In many ways, Beale Cipher B1 is a lot like the Zodiac Killer’s Z340 cipher, insofar as they both have what seem to be direct predecessor homophonic ciphertexts (B2 and Z408) that are very publicly solved: yet we seem unable to exploit both ciphertexts’ apparent similarities in both system and presentation to their respective parent.
At the same time, it’s easy to list plenty of good reasons why Beale Cipher B1 has proved hard to crack (even relative to B2), e.g. its very large proportion of homophones, the high likelihood of transcription errors, etc. Combining just these two would seem to be enough to push B1 out of the reach of current automatic homophone crackers, even (sorry Jarlve) the very capable AZdecrypt.

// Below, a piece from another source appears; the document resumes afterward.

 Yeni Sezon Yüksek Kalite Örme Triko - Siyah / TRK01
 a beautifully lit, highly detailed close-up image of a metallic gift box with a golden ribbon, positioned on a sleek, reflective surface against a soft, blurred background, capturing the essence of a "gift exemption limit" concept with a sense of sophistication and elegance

But in many ways, that’s the easy side of the whole challenge: arguably the difficult side is working out why B1’s ciphertext is so darned improbable. This is what I’ve been scratching my head about for the last few months.
Incremental Series
I posted a few days ago about the incremental sequences in B1 and B3 pointed out by Jarlve, i.e. where the index values increased (or indeed decrease) in runs. Jarlve calculated the (im)probability of this in B1 as 4.61 sigma (pretty unlikely), B2 = 2.72 sigma (unlikely, but not crazily so) and B3 = 9.86 sigma (hugely unlikely).
Why should this be the case? On the one hand, I can broadly imagine the scenario loosely described by Jim Gillogly where an encipherer is pulling random index values from the same table of homophones used to construct B2, but where the randomness sometimes degenerates into sweeping across or down the table (depending on which way round it was written out), and that this might (somehow) translate into a broadly positive incrementality (in the case of B1).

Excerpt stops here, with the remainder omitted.